Por lo tanto, la incompetencia puede ir acompañada de arrogancia, ya que los incompetentes tienen una confianza exagerada en sus propias capacidades, no perciben sus límites, no admiten sus errores, no reconocen y pueden incluso llegar a despreciar la competencia de los demás.
Hay una esperanza: que el incompetente, con la experiencia (a menudo adquirida, por desgracia, a costa de otros), se vuelva menos incompetente.
O bien —lo que, por desgracia, es más difícil— que el incompetente tome conciencia (como Sócrates) de su ignorancia y la transforme en un valor positivo.

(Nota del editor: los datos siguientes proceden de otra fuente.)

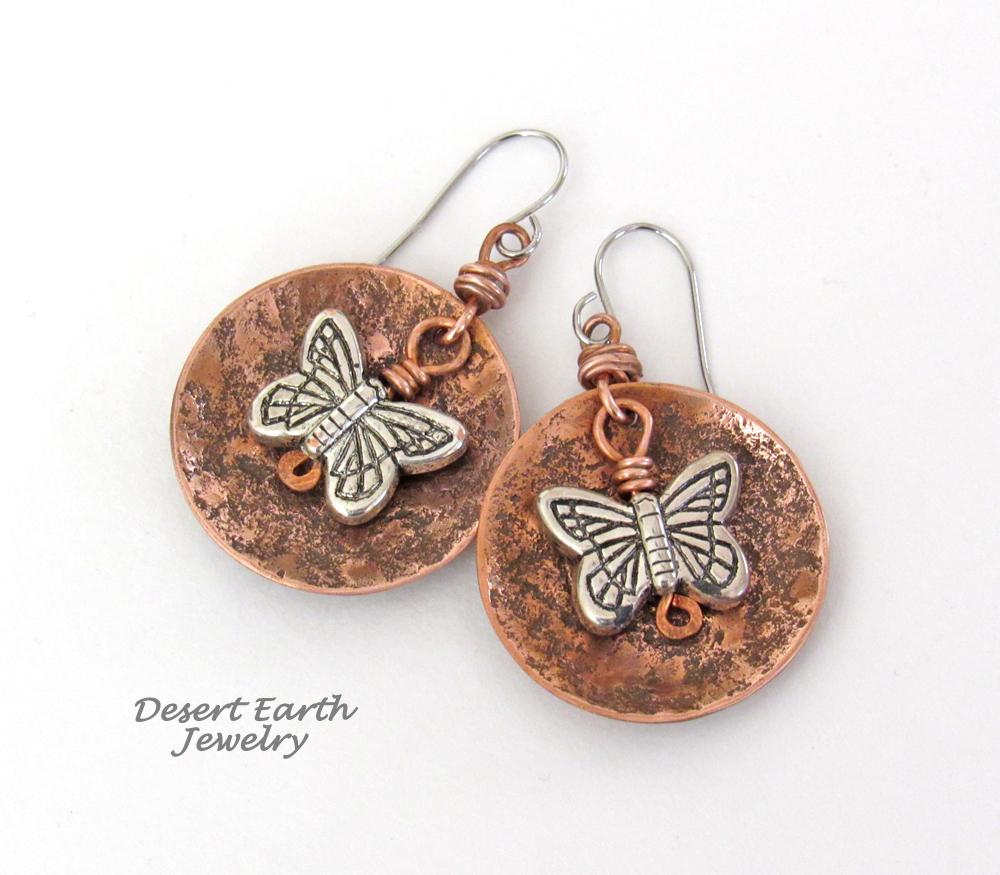 Round Copper Dangle Earrings with Silver Butterfly Charms - Earthy Nature Jewelry Gifts for Women & Teen Girls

O bien, llegado el caso, que dimita del cargo que ostenta.
            La incompetencia es ciertamente un riesgo para los asuntos públicos.
Pero ¿el competente es inmune a los defectos? ¿Es realmente la competencia la mejor garantía para una gestión prudente de nuestros intereses como ciudadanos? ¿Basta con poner en cada cargo público a un profesional absoluto del sector?
No es así.
El llamado técnico (tampoco aquí faltan ejemplos) corre el riesgo de compartir algunos defectos con el incompetente.
En primer lugar, la arrogancia, cuando no la presunción: el ultratécnico tiene una tendencia natural a sobrevalorarse, a no admitir errores, a no aceptar críticas, a considerar ignorantes a los demás; con la variable muy peligrosa del competente que se revela incompetente.
            Pero, sobre todo, la competencia técnica no es garantía de buen gobierno si no va acompañada de sensibilidad política, de la capacidad de identificarse con las necesidades del ciudadano de a pie: la justicia no es solo asunto de abogados o magistrados, la sanidad solo de médicos, la educación solo de profesores.
Por lo tanto, incluso la competencia, cuando se convierte en tecnicismo, conduce a una mala gestión.
Pero siempre es mejor contar con personas competentes que con incompetentes, ya que estos últimos tienen una tendencia universal al error.
¿Y entonces?
En primer lugar, quienes administran, a cualquier nivel, deben estar dotados de sentido común individual y aquí la responsabilidad (pesada) recae en quienes eligen, ya sea el votante individual (cada uno de nosotros) con su voto o el líder «político» de una coalición de gobierno de cualquier nivel.
Una vez elegidos, los administradores deben adquirir una cualidad fundamental: la de saber escuchar.
Además, son útiles las escuelas de administración y política: no se inventa a los administradores públicos sin una preparación, es decir, sin estudiar.
Por último, y fundamentalmente, en una época en la que se corre demasiado, hay que reevaluar el papel de una cualidad que parece olvidada, la experiencia, que es diferente de la competencia: cada trayectoria se compone de gradualidad, de adquisiciones sucesivas.
            La experiencia significa sí conocimiento, pero también resiliencia, visión estratégica, mesura, modestia.
Como decía Cicerón, «los sabios se instruyen con la razón, las mentes comunes con la experiencia, los estúpidos con la necesidad y los brutos con el instinto».
A lo dicho, pues. Muchas gracias por sus servicios y, ahora, hágase a un lado, Sr. Mazón.